The programme is based around a 12 week training course structure that uses activities and exercises to understand gender roles and gender relations, gender roles in action, cycles of violence, violence against women and sexual violence, non-violent communication and men as nurturers and caregivers. The programme employs a prevention-focused, community-based approach to help reduce GBV and build up overall community structures.

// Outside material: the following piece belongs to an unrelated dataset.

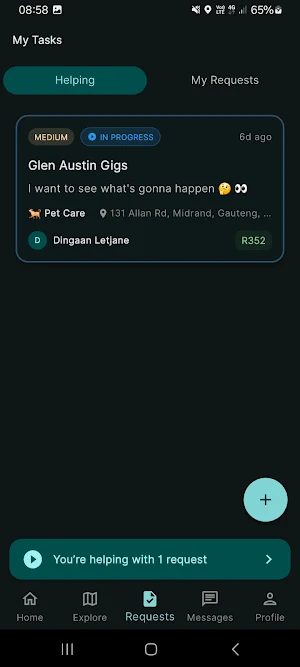 HelpCom - Offer help to others Screenshot 1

1 UNHCR (2016) Syrian Regional Refugee Response Portal: http://data.unhcr.org/syrianrefugees/regional.php
3 UNHCR (2015) Culture, Context and the Mental Health and Psychosocial Wellbeing of Syrians: A Review for Mental Health and Psychosocial Support staff working with Syrians Affected by Armed Conflict, p39
4 Amnesty International (2016) ‘I want a Safe Place’ Refugee Women from Syria Uprooted and Unprotected in Lebanon’, p41 & 50
5 UNICEF 2016) Baseline Survey. Available at: https://data.unhcr. org/syrianrefugees/download.php?id=11355
The 2016 evaluation of the Engaging Men programme highlighted a number of significant impacts including:
- The programme facilitated a safe emotional space for men to meet collectively to talk about their problems and to become more attuned and reflective about their relationships with their wives and children.

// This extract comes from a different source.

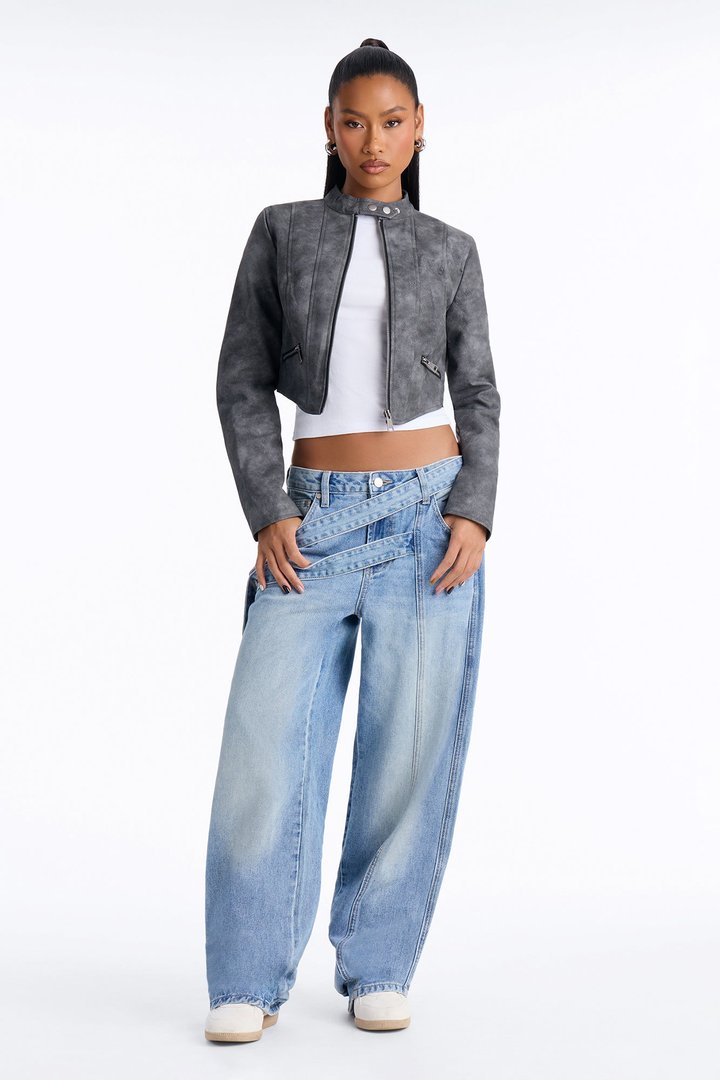 A Desert Babe Washed Faux Leather Moto - Black Wash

- Men reported it provided them with a reason and avenue to leave the house; it provided them with a chance to socialise, feel some sense of belonging and expand their social network; and offered some degree of relief from mounting psychological distress and pressure.
- Within their families, results indicated many men expressed greater empathy towards their wives and their needs and increased dialogue and positive time spent with children.

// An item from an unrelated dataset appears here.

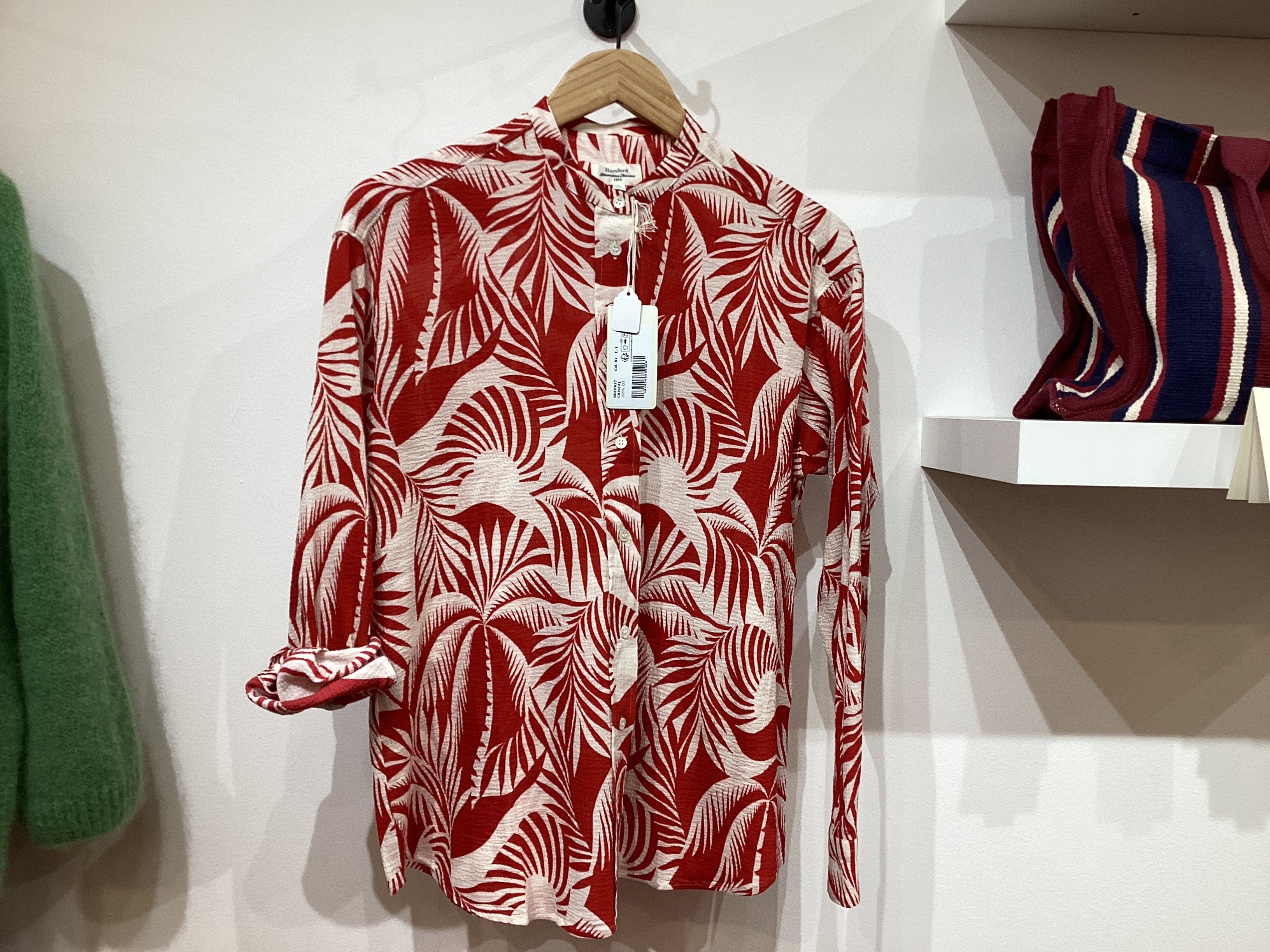 Hartford Cristal palm print crinkle shirt  - red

“Because of the rent situation, because of the pressure from the landlord, and because we and the children were hungry, he (Khadija’s husband) began to get depressed. He was shouting at us then he began the hitting, beating, arguing with me all the time….”
Kahdija, a mother of five boys and two girls, lives in a crowded informal settlement on the outskirts of Halba, in the Akkar province of Northern Lebanon. It contrasts sharply with the comfortable home she shared with her husband and their five children in Al Qusayr, about 35km south of Homs. They were forced to flee with their extended family to Lebanon three years ago. Since then, all their life savings have gone on rent for their temporary home. The family has undertaken severe debt, which has in turn created extremely tense conditions in her home.
Khadija and her husband enrolled in the workshop courses run by Concern. The sessions helped her understand what was happening in her family and she enjoyed the comradery with the participants. She said her husband’s mood improved after going to the sessions and the community project, which was built into the session, made him feel in control of his life again. She believes the programme has helped to improve relations with her husband. Kahdija says they sit down together to discuss their problems and try and talk things through unlike before.